A key issue here revolves around teenage girls and sex, and the desire of some parents to control their daughters’ health care. (When it comes to the continuing cycle of culture-war sexual panics, there is always less panic about sons.) Pace cites examples of parents who are outraged that a teenage girl can get birth control or an abortion without her parents’ permission.

But the ACLU notes that a number of state statutes give older minors legal control over their own health care – including decisions about whether to have an abortion or get tested for STDs or undergo mental health counseling. “Mature minors” have rights, too.

While most of us would agree that we want to make the key decisions for our children and families – as opposed to the big, bad, sexually permissive government – most of us also know that some children need to be protected from parents. This is just a fact.

We know we should be careful about spreading disease, even if not every parent believes it. We know that there are older teenagers whose rights extend beyond those of a 5-year-old or a 10-year-old – that maturing juveniles have rights of their own, including expanding sovereignty over their own bodies.

Pace said opponents of the measure seem to think parents have no rights at all, which strikes me as hyperbolic. Does anyone believe parents should have no rights at all? Some of the concerns Pace said he’d heard aren’t accurate – for example, he said a mother he knew was told by a high school official that her child was required to take a sex education course to graduate. There is no such state or district requirement, and students can opt out of the single reproductive-health segment of the health curriculum.
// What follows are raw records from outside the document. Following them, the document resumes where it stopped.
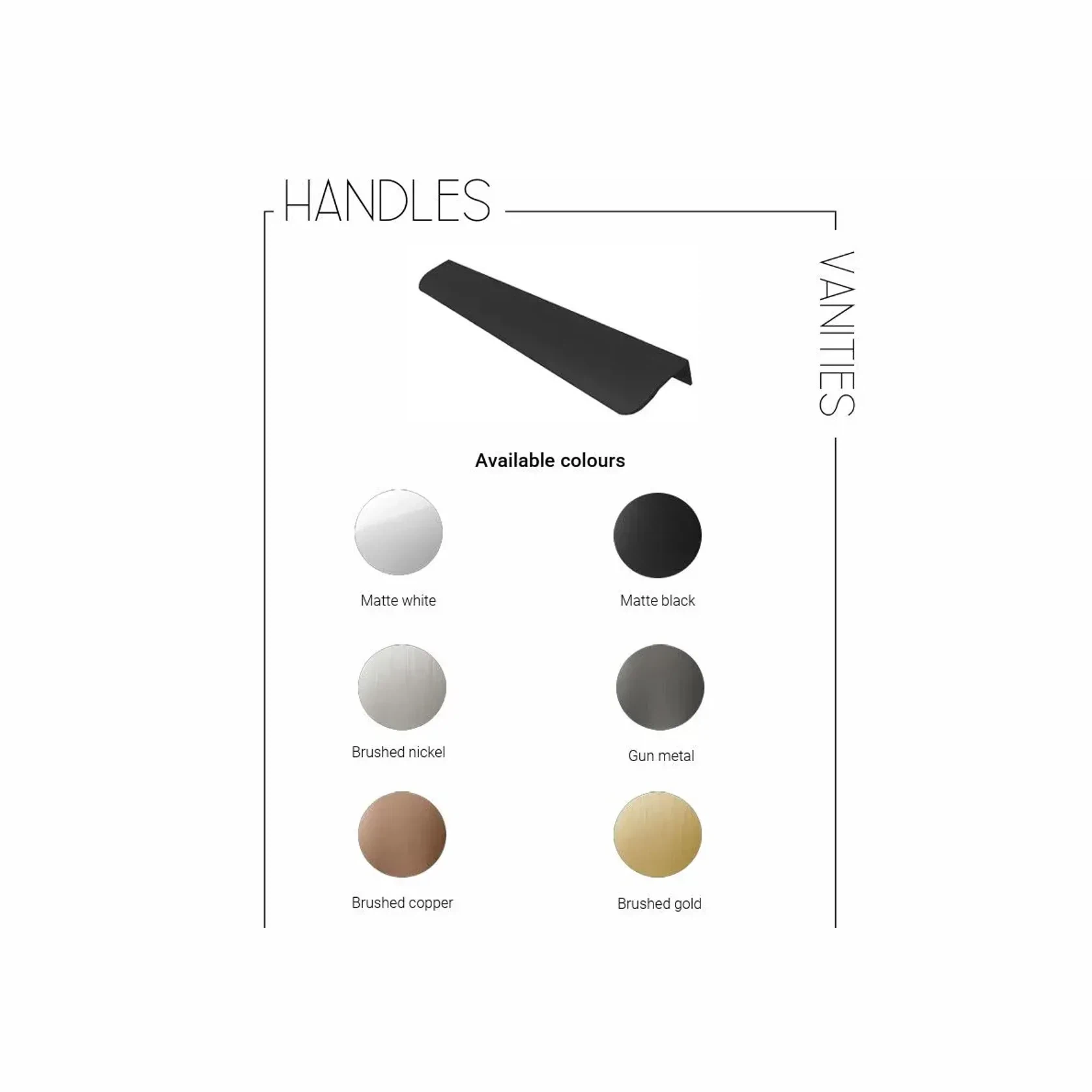 Fifth Avenue Avila Messmate Vanity gallery detail image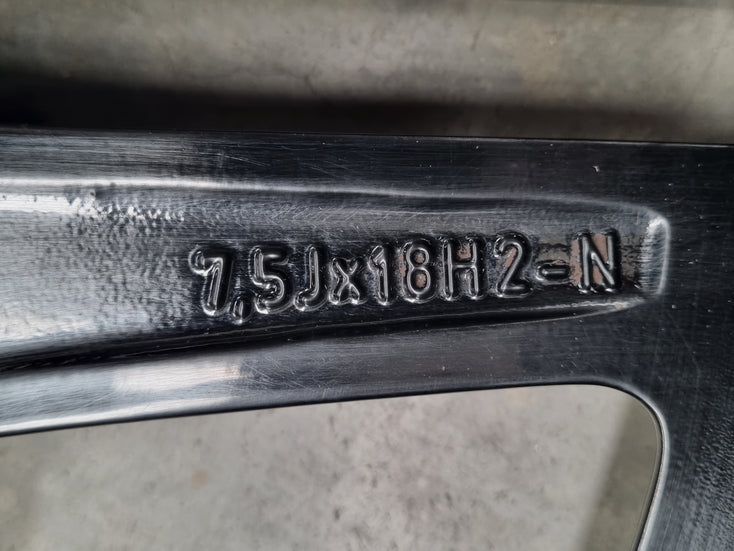 Load image into Gallery viewer, Genuine Mercedes Benz AMG A250 W177 18 Inch Wheels and Tyres Set of 4
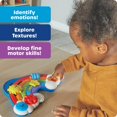 thumbnail image 3 of Puzzle Toy Learning Resources Rainbow Busy Board, 3 of 6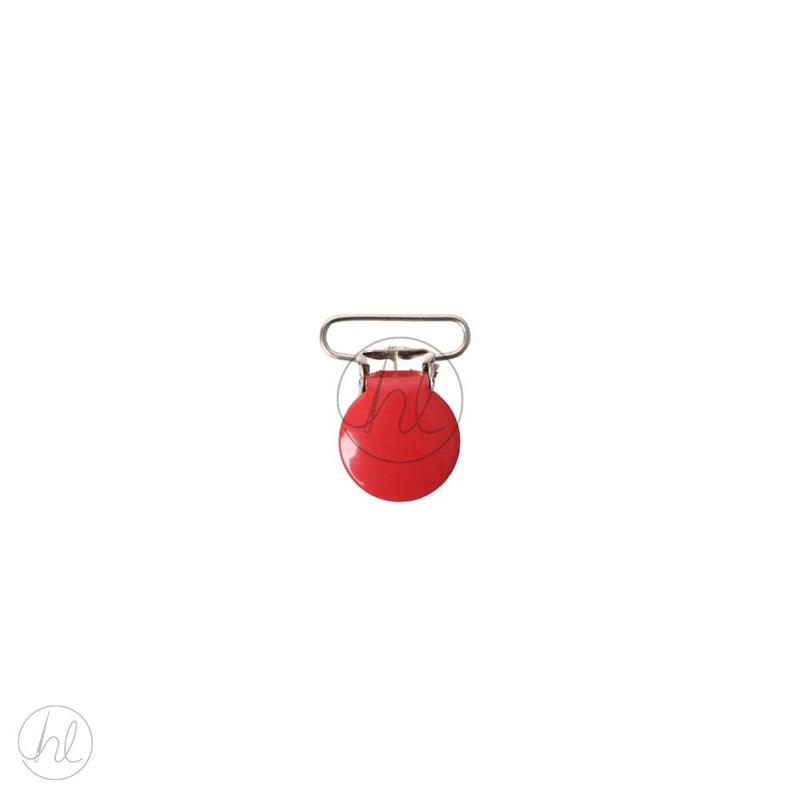 BUCKLES DUMMY CLIP  RED FREE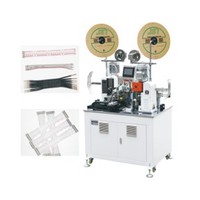 Câble à paires torsadées à ruban plat IDC Machine à sertir automatique à dénuder Câbles à paires torsadées Expert IDC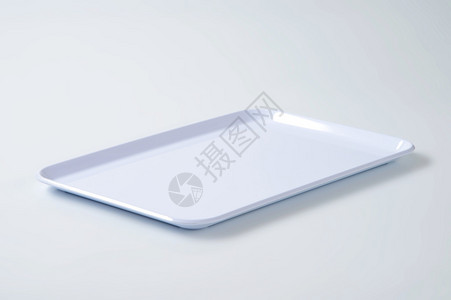 长方形白色塑料托盘图片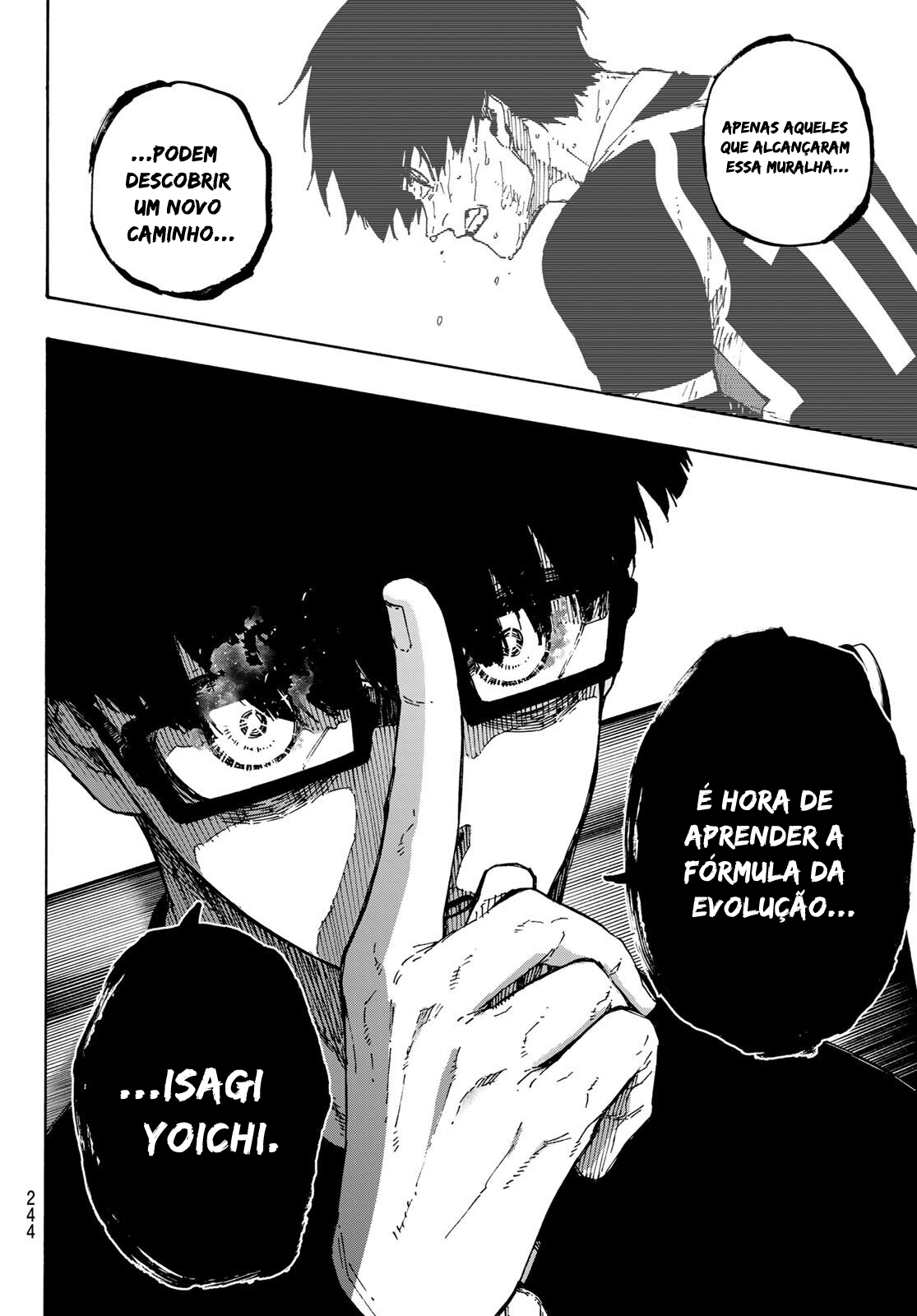 Read Blue Lock Português Manga Online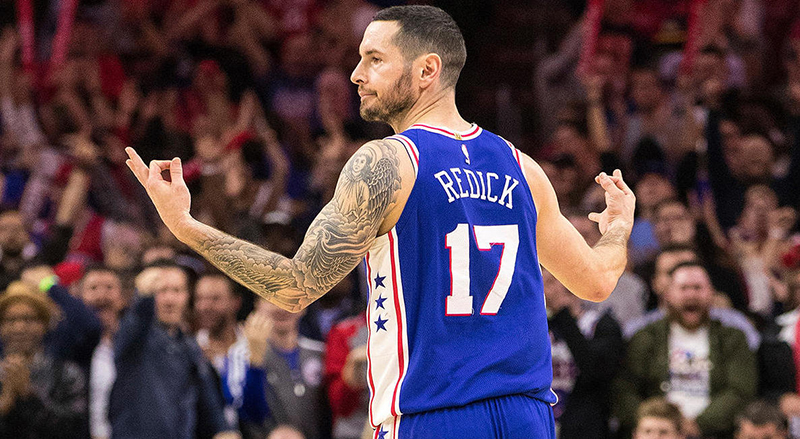 J.J. Redick y Danny Green triunfando en el mundo de los Podcasts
As for parents “protecting” their kids from “transgendered” people in bathrooms, Pace sees it as straightforward.

“What this is about, is parents, especially parents of young daughters, their feeling that if their daughter is in the girls’ restroom and somebody comes in who they feel is really a male, they want to be able to say, ‘Hey, would you mind waiting a minute?’ ” he said.

Pace, as I said, is a genial sort. He imagines very friendly outcomes.
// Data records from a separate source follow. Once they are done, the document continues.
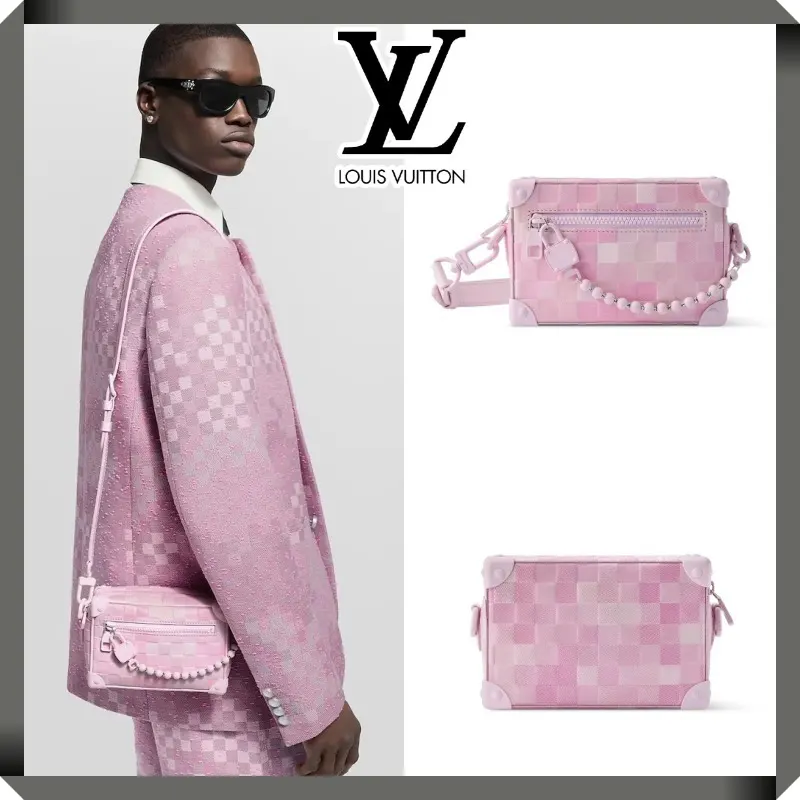 【送料関税込】ルイヴィトン ミニ・ソフトトランク ショルダーバッグ パロディ M26189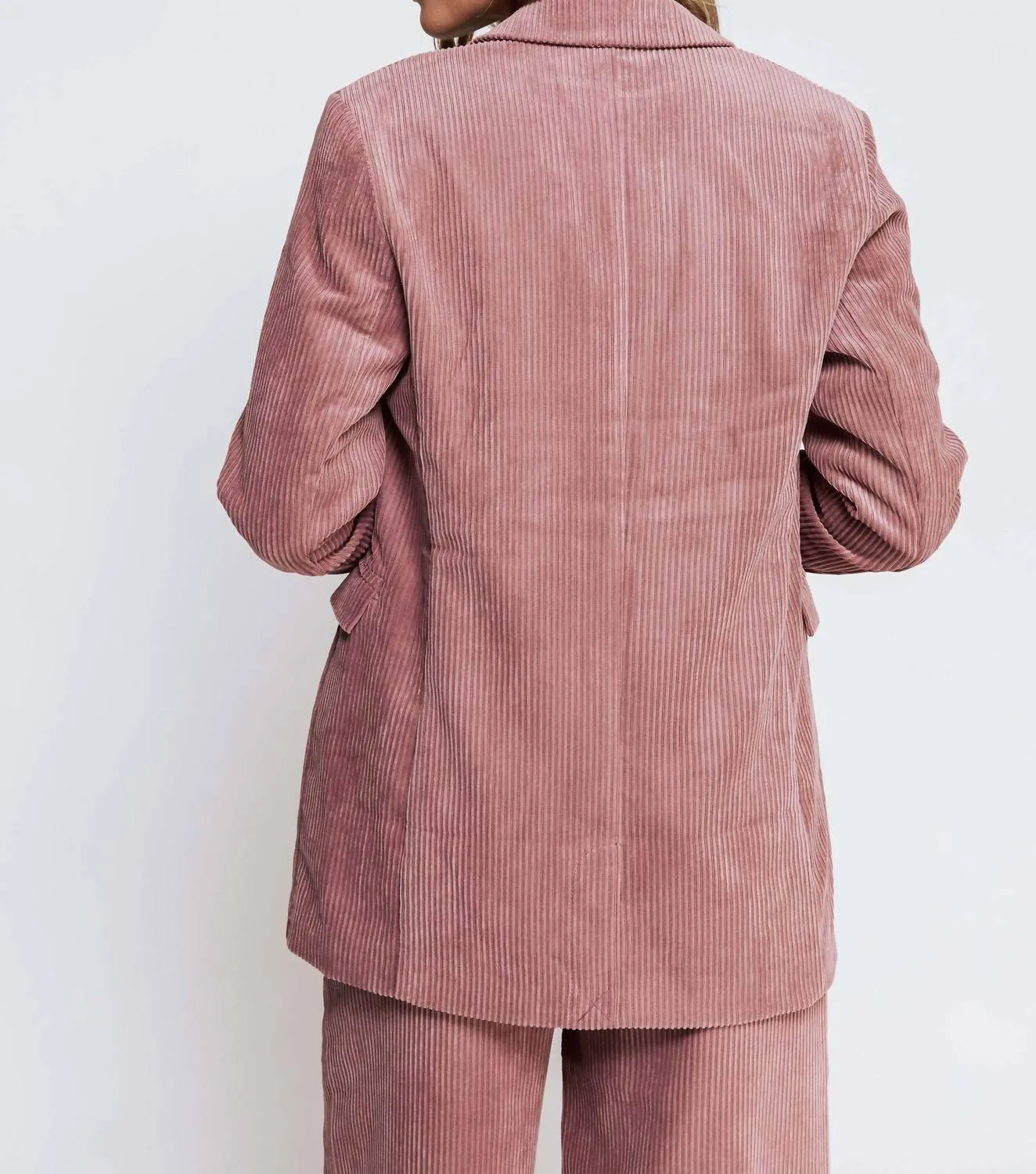 Ellie Blazer In Rose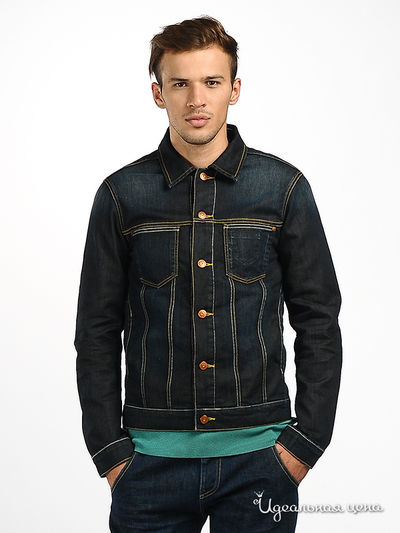 Куртка GSUS, цвет цвет темно-синий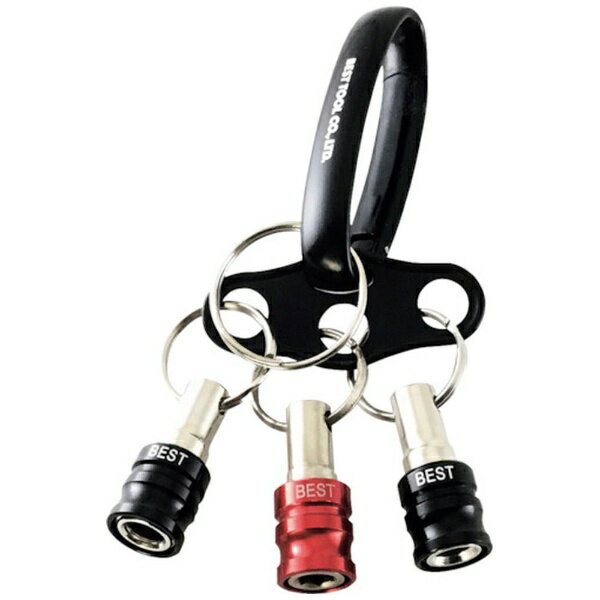 �٥��ȥġ����BEST TOOL �٥��ȥġ��롡BEST��3pcs���ӥåȥۥ�����������Х륫��ӥʡ�3�ķ�ץ졼���ա��� BTH-3RBL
I’m more concerned about the other end of the spectrum: Is there any check on parental authority? Does a child have rights, independent of a parent? Any point at which others – whoever they may be – have a right to determine that a parent’s wishes are wrong?

Pace said abuse is where he draws the line. He said his proposal is not meant to prevent abuse reporting by school or health care officials. It’s so broadly drawn, though, that it would be hard to see how abuse didn’t fall squarely under a parent’s authority – which is described repeatedly as “complete.”

Across the border in Idaho – Spokane Valley’s ideological soul mate – parental rights are a popular political issue, as well. Part of the No-It-Damn-Well-Does-Not-Take-A-Village movement.

Lawmakers there have repeatedly resisted efforts to make it a crime to fail to obtain health care for a gravely sick child, on the grounds of religious belief. This is not hypothetical: Children from one religious community near Boise, the Followers of Christ, die regularly because their parents believe modern medicine is evil.

So when their children die from simple infections – it’s a question of parental rights. When their kids die from untreated diabetes – parental rights. If an infant can’t breathe and the parents don’t bother visiting an emergency room – you guessed it.

Would Pace go that far? He said it was an extreme example, outside of the considerations of his proposal.

“When it gets to those extreme cases, I’m really not sure,” he said. “I don’t have an opinion on that.”